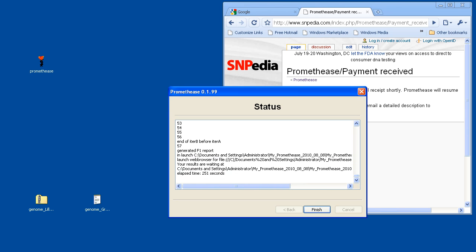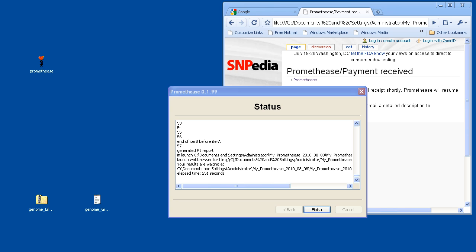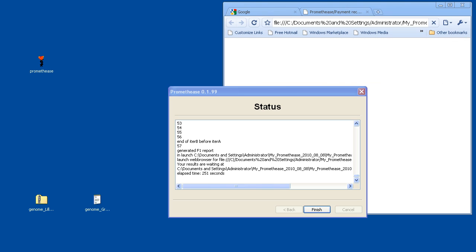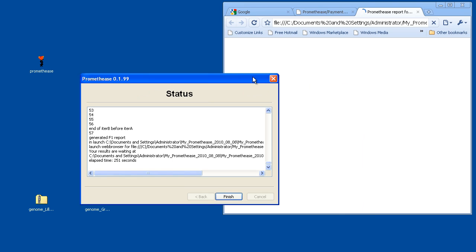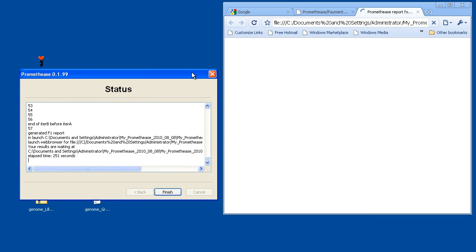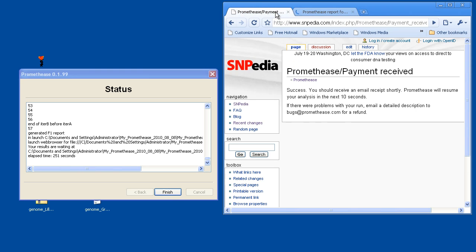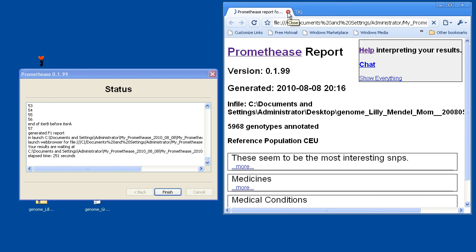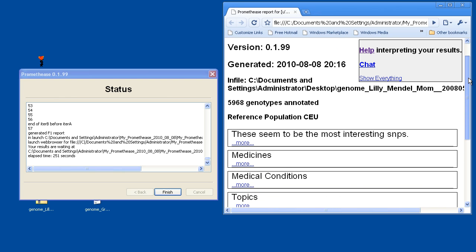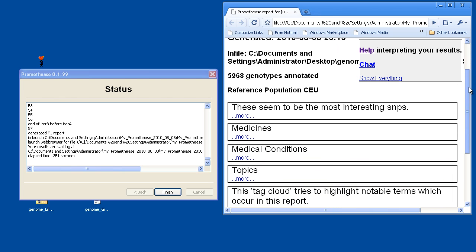Okay. And at this point, Prometheus has again launched your web browser and is opening up the HTML file that shows the full Prometheus report. I'm going to move this window just a bit out of the way so we can spend more time looking at the web browser instead. And close a couple of tabs that we don't need anymore as well. So here we are looking at the Lily Mendel Prometheus report.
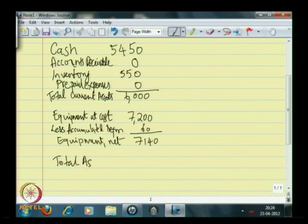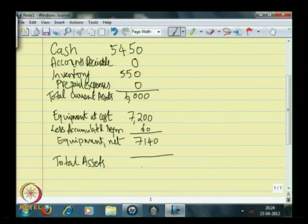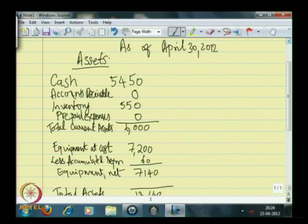The book value of the equipment at the end of one month is no longer 7,200 but 7,140. We have no other fixed assets — the building is on a rental basis, so we do not capitalize rent expense since we do not own the building. Only owned assets are capitalized; in this case equipment is the only asset being capitalized and depreciated. So total assets are current assets 6,000 plus fixed assets 7,140, equaling 13,140.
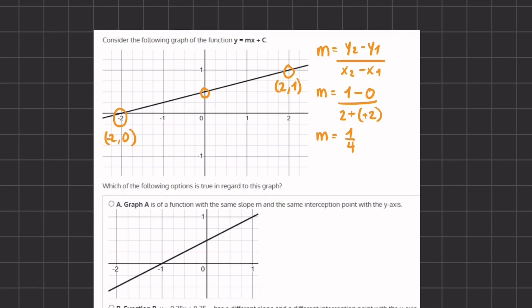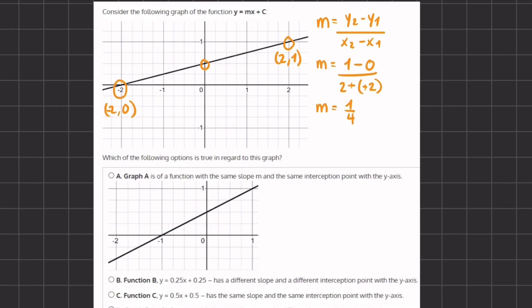Looking at option A, it states that graph A is a function with the same slope m and the same intercept point with the y-axis. However, this graph has the same y-intercept but a different slope. You can visually tell the slope is sharper in option A. Also, the line crosses the x-axis at a different point, confirming the slopes are different. Therefore, we can eliminate A.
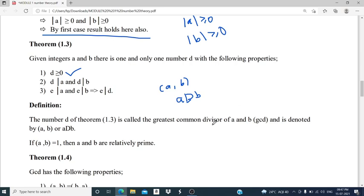If the GCD of A and B is 1, then we say both integers are relatively prime — that is, there are no common factors for A and B, and the largest common factor is 1.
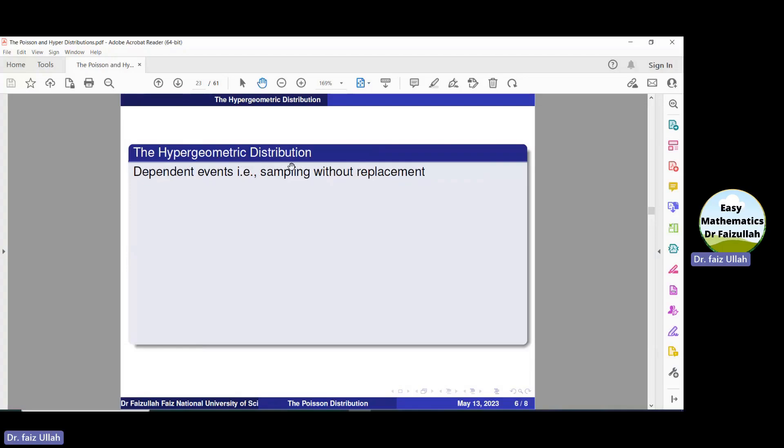So we need the hypergeometric distribution. Another requirement for the hypergeometric distribution is that we need information about the population as well as about the sample. Population is a set of all possible information, and sample is a subset of the population. In the real world, there are many situations where we cannot study the whole population, so we take samples from the population and use them to make decisions about the whole population.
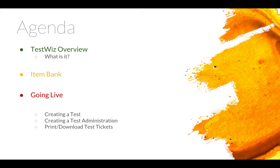Our agenda for today, we're just going to go over a little bit about what TestWiz is. We're going to look at the item bank, and then we're going live. I'll be actually walking you through steps to create that test, creating the test administration to set it up, and then to print the student test tickets.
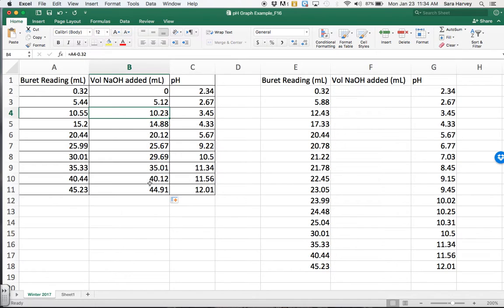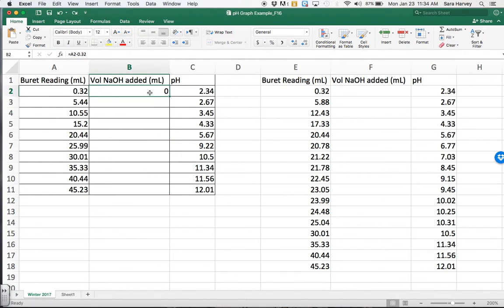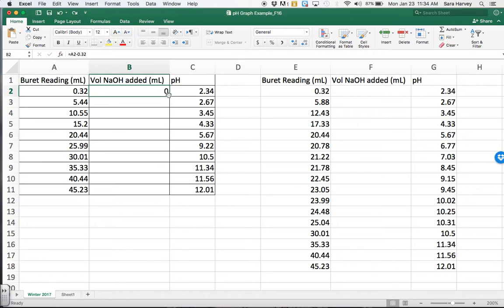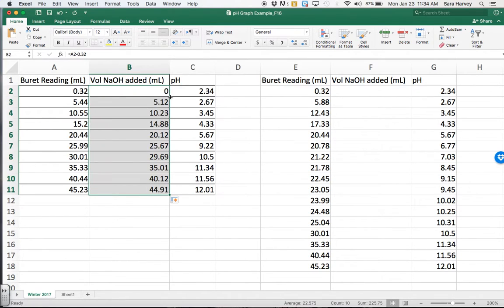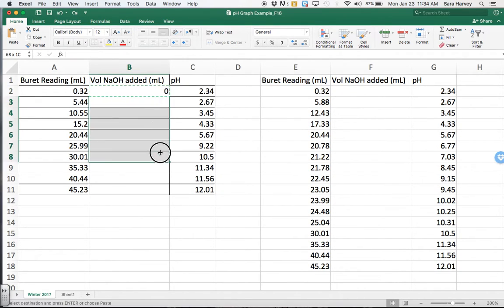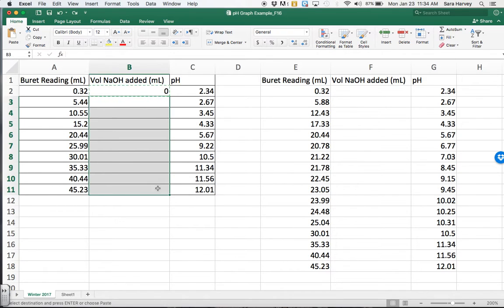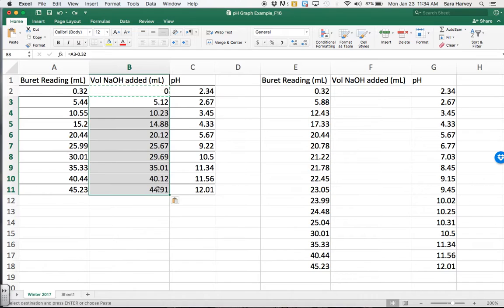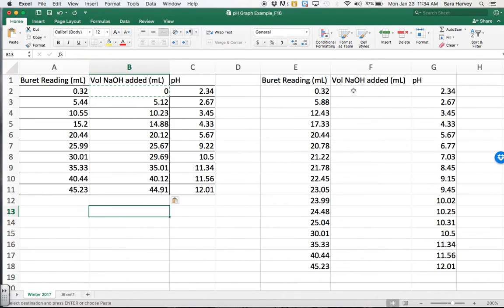So again, bottom right-hand corner, double click, it goes down. Another thing you can do, you can just copy, so on a Mac control C or command C, on a PC command C. On a Mac, and then paste, that works.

● ● ●

TASK:
Would you please reproduce the entries above, starting at the line with "Looking at option" and stopping after the line with "If the GCD of"? Omit any pictures.

PROBLEM SOLUTION:
Looking at option A, it states that graph A is a function with the same slope m and the same intercept point with the y-axis. However, this graph has the same y-intercept but a different slope. You can visually tell the slope is sharper in option A. Also, the line crosses the x-axis at a different point, confirming the slopes are different. Therefore, we can eliminate A.
If the GCD of A and B is 1, then we say both integers are relatively prime — that is, there are no common factors for A and B, and the largest common factor is 1.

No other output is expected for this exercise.